[Collected data]
'''

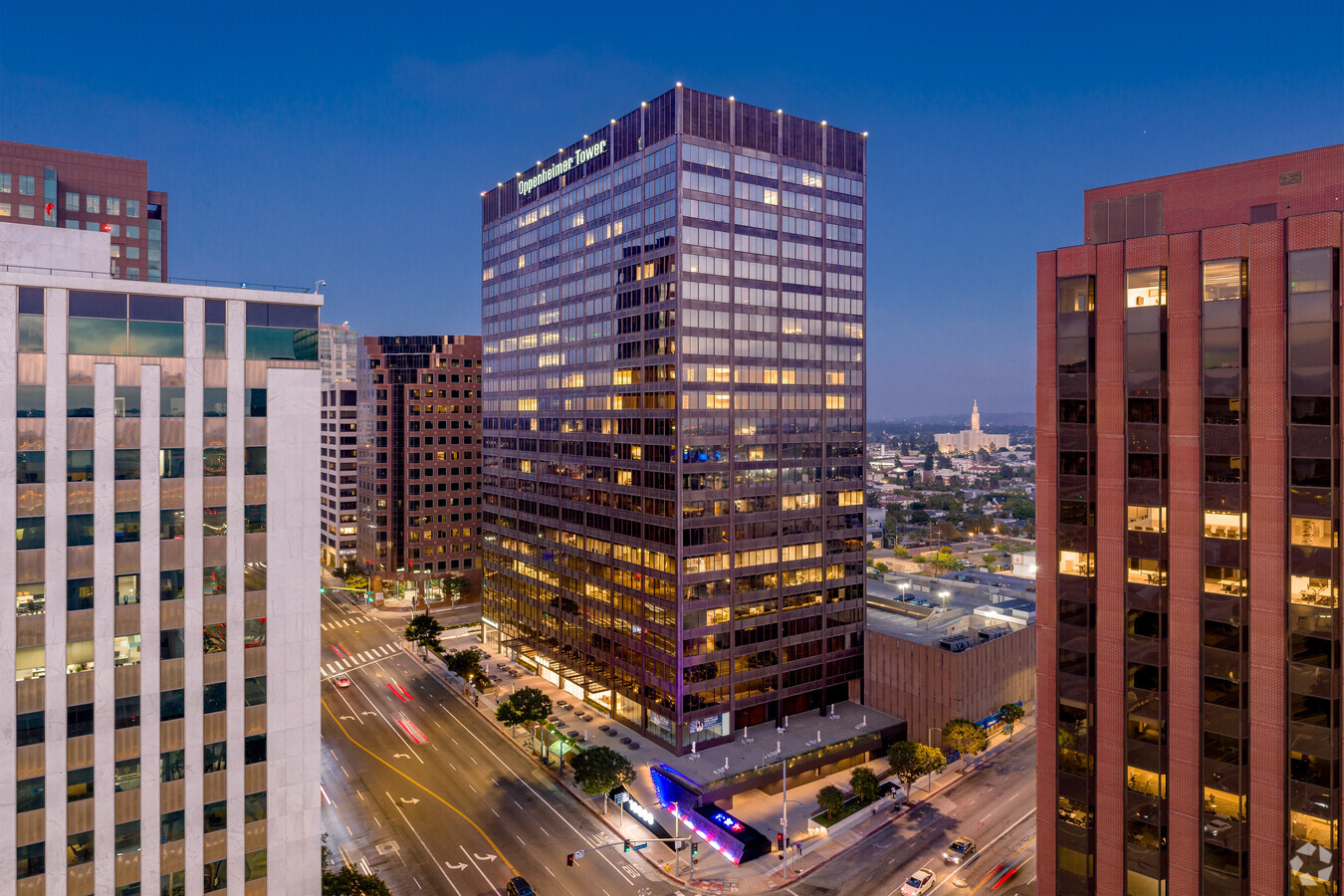 Michelman & Robinson, LLP Los Angeles, CA Office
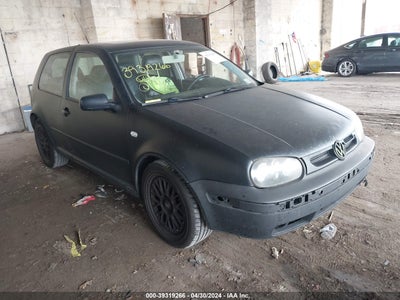 VOLKSWAGEN GTI 2004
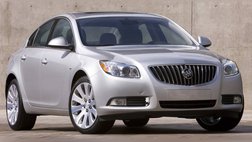 2013 Buick Regal Premium 1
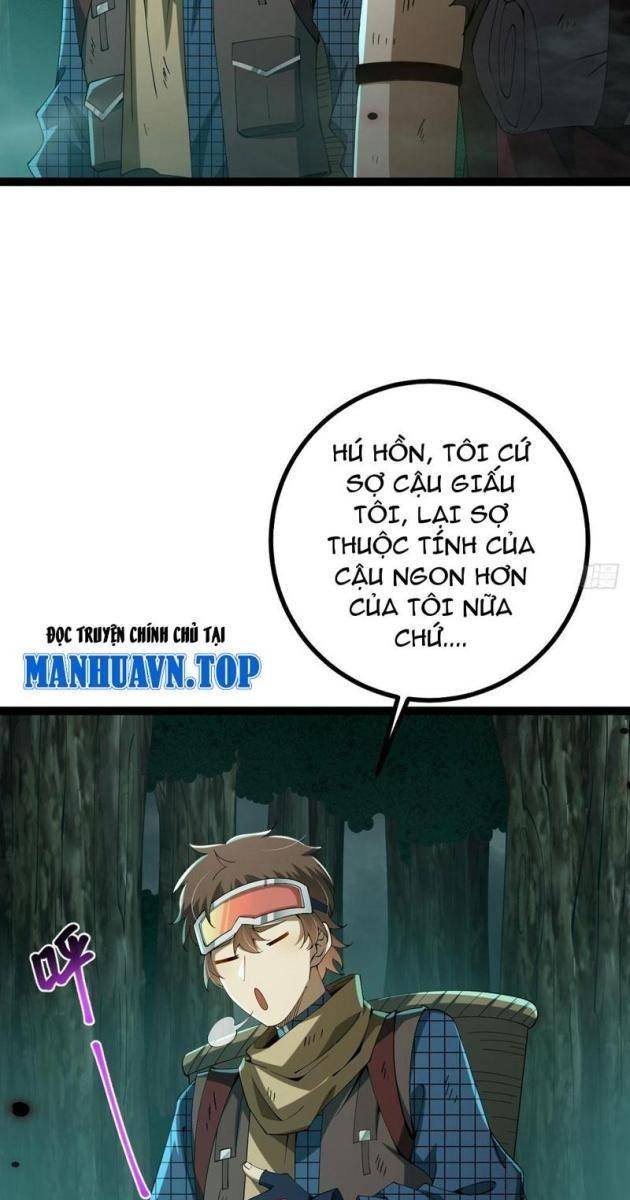 Thành Thần Tại Tận Thế - Page 35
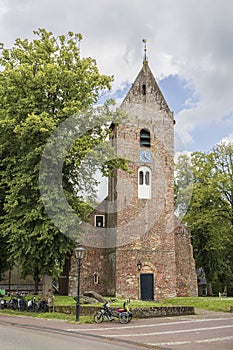 Church of Norg The Netherlands photo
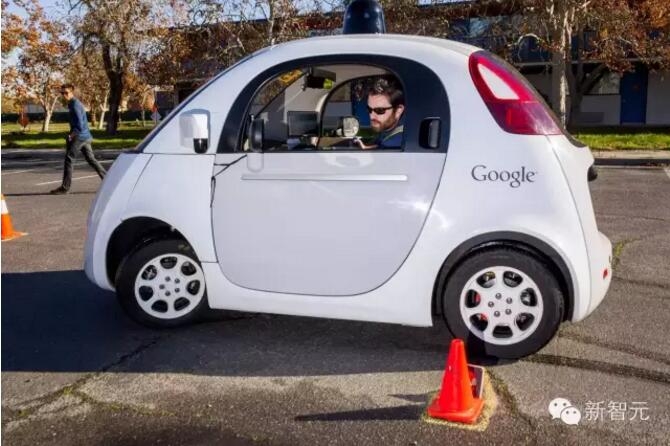 揭秘Google無人駕駛背后的測試中心 （上）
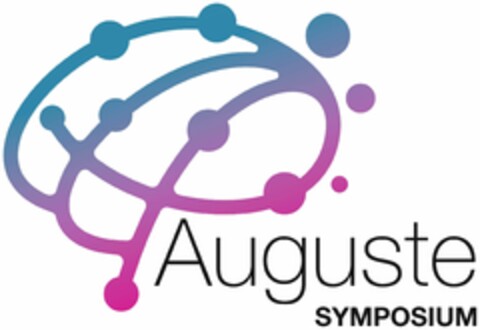 Auguste SYMPOSIUM Logo (DPMA, 25.11.2021)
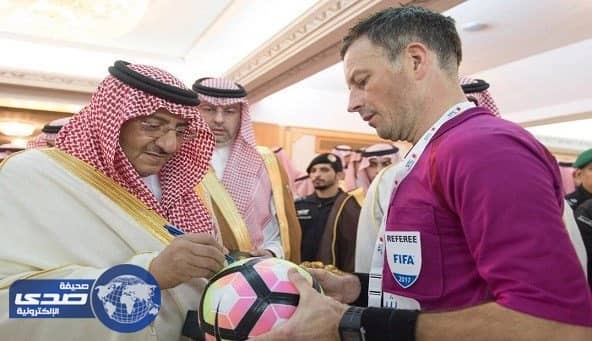كلاتنبرج يقود لقاء الهلال والنصر بالكأس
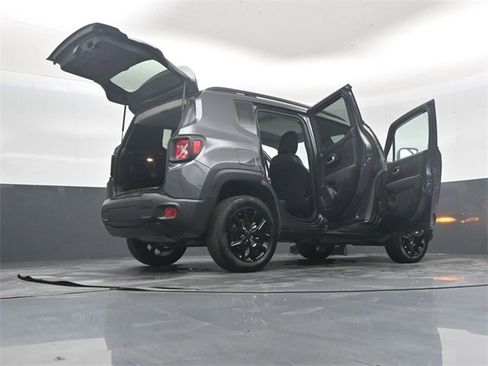 Used 2023 Jeep Renegade Altitude w/ Sun/Sound Group image 52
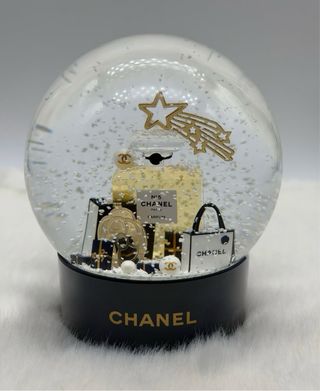 Chanel Snow Globe / Bola de Nieve Chanel
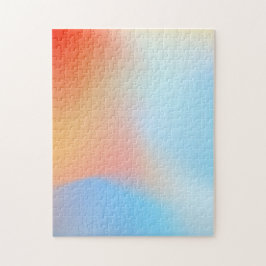 Farbenblindübungen mit Farbverlauf Puzzle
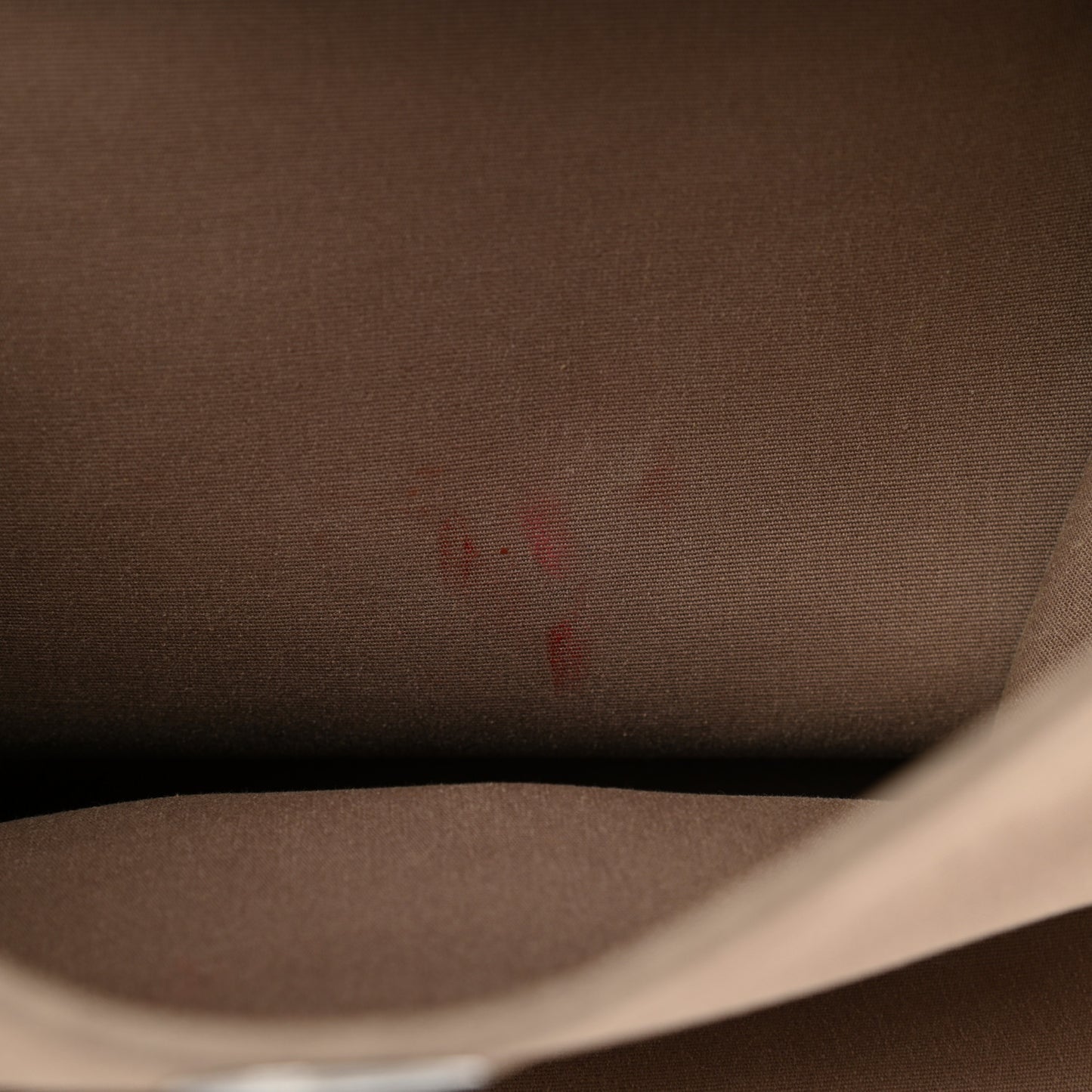 Toile Vache Hunter Herbag Zip 39 MM Etoupe Ebene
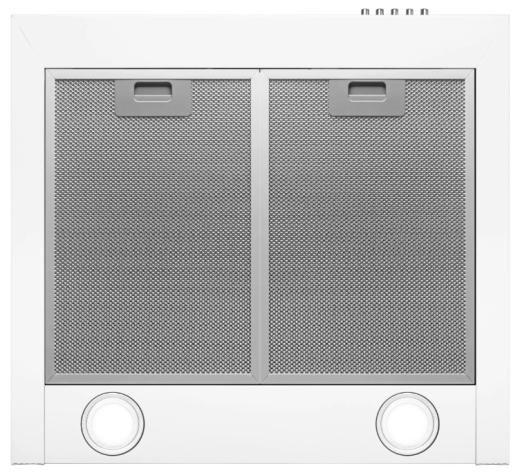 Вытяжка купольная Perfelli COSTA 5HM BIANCO - 5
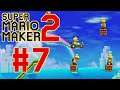 Let's Play Super Mario Maker 2 - #7 | Race For First Clear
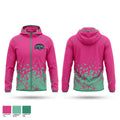 Triple Creek Sirens Windbreaker - 1
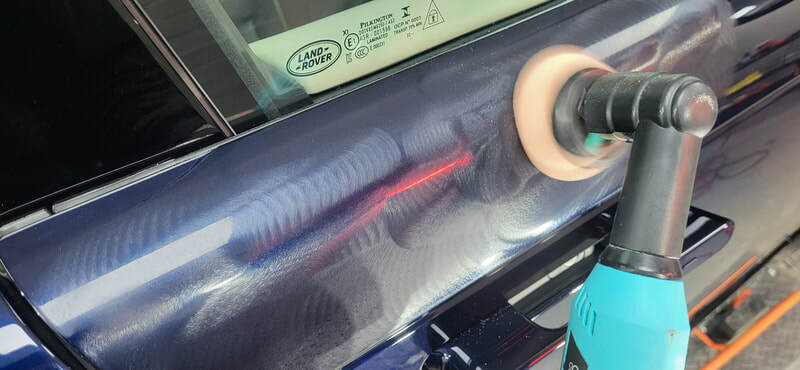 New Car Paint Protection Paisley | Car Detailing Paisley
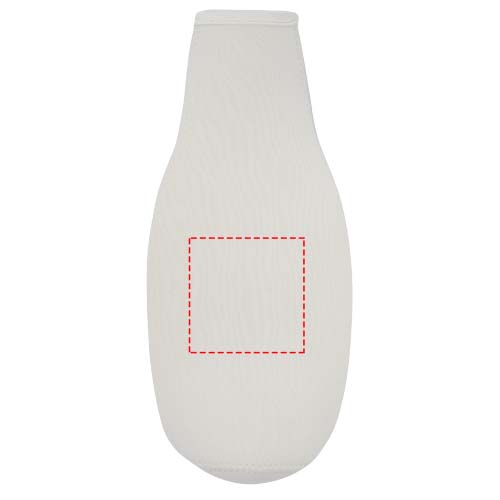 Fris flessenhouder van gerecycled neopreen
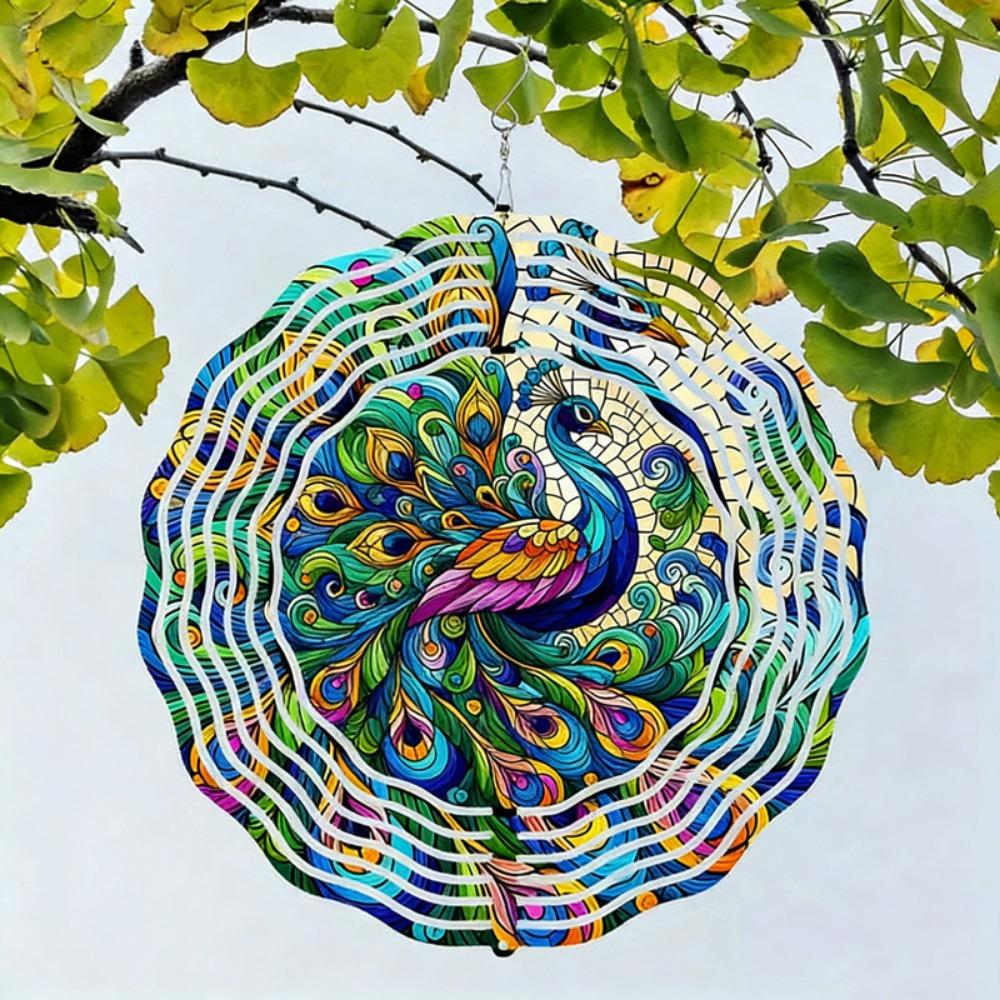 Нові 10 Стилів 3D Динамічний Обертовий Музичний Вітрячок Металевий 10см Яскравий Метелик-Спінер Різнокольорова Бабка Життєрадісний Дизайн Декор для Саду
Нові 10 Стилів 3D Динамічний Обертовий Музичний Вітрячок Металевий 10см Яскравий Метелик-Спінер Різнокольорова Бабка Життєрадісний Дизайн Декор для Саду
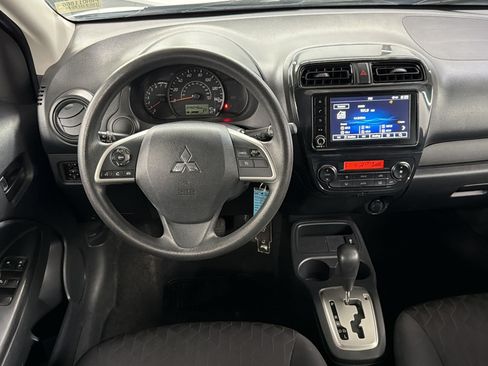 Used 2024 Mitsubishi Mirage ES FWD image 27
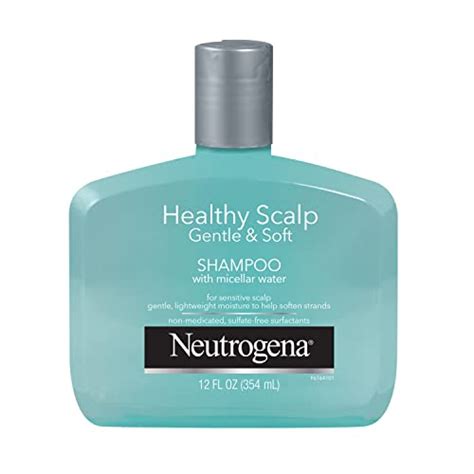 Neutrogena Anti Residue Shampoo Directions For Sale Picclick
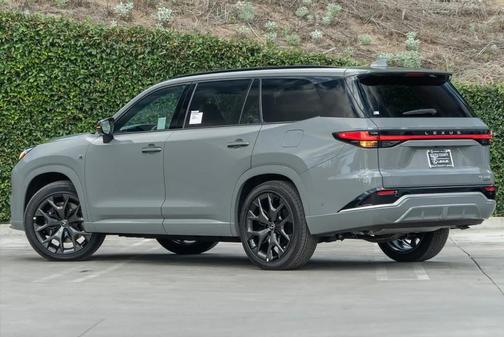 2026 Lexus TX 500h F SPORT Premium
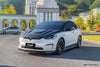 CMST Tuning Carbon Fiber Side Skirts for Tesla Model X 2022-ON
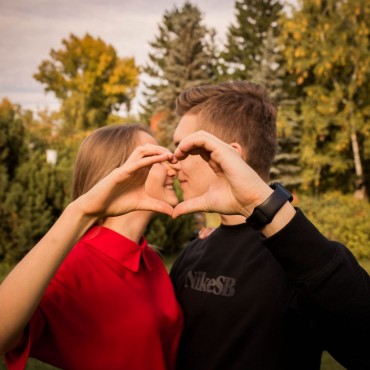 Фотография #709410, lovestory, автор: Алина Садовская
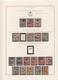 Turquie 1909-1915 Collection Sp&eacute;cialis&eacute;e De 235 Timbres Neufs Et Oblit&eacute;r&eacute;s Sur 10 Pages D&rsquo;album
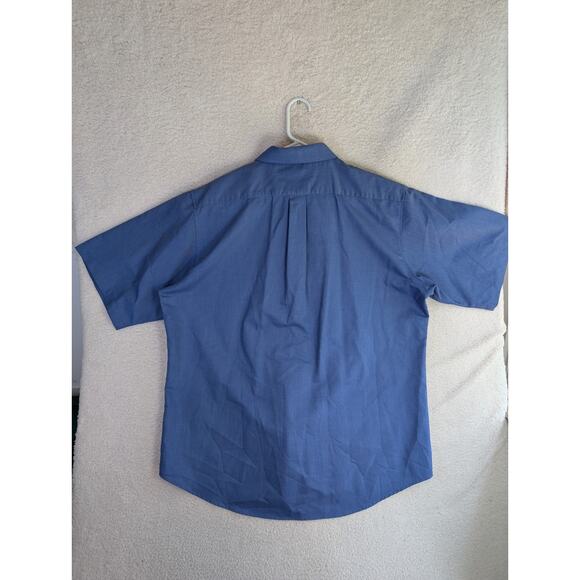 Frito Lay Trucker Shirt Mens XL Blue Logistics Employee Uniform Short Sleeve - Picture 2 of 16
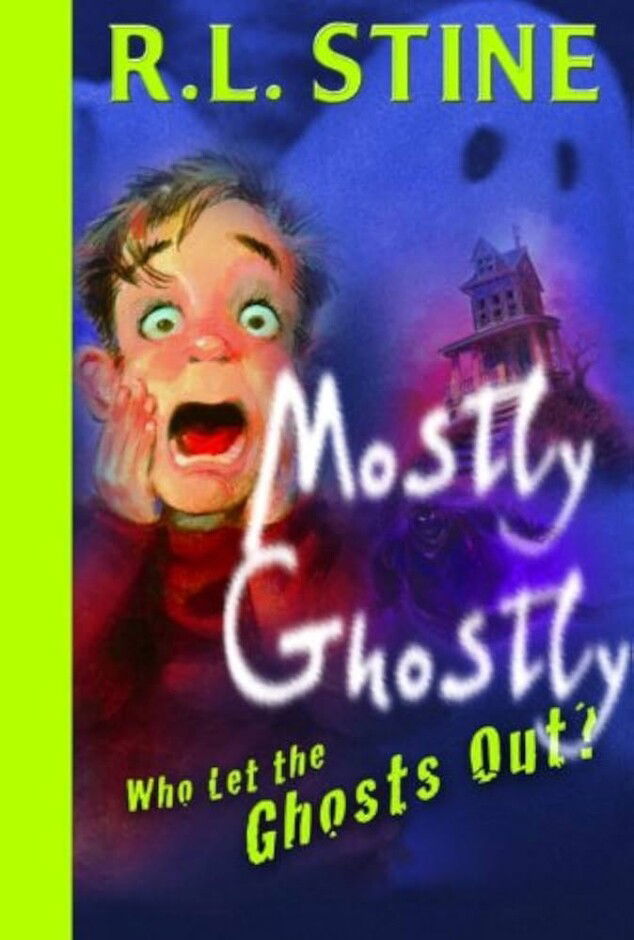 81 Years Young: Goosebumps Author R. L. Stine Shows No Signs Of Slowing Down 81 Years Young: Goosebumps Author R.l. Stine Shows No Signs Of Slowing Down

'''

What you return must match, character for character, the lines above from the one with "Let's Play Super" through the one with "Fris flessenhouder van gerecycled neopreen", minus any pictures.

> [YOUR RESPONSE]:
 Let's Play Super Mario Maker 2 - #7 | Race For First Clear
 Triple Creek Sirens Windbreaker - 1
 New Car Paint Protection Paisley | Car Detailing Paisley
 Fris flessenhouder van gerecycled neopreen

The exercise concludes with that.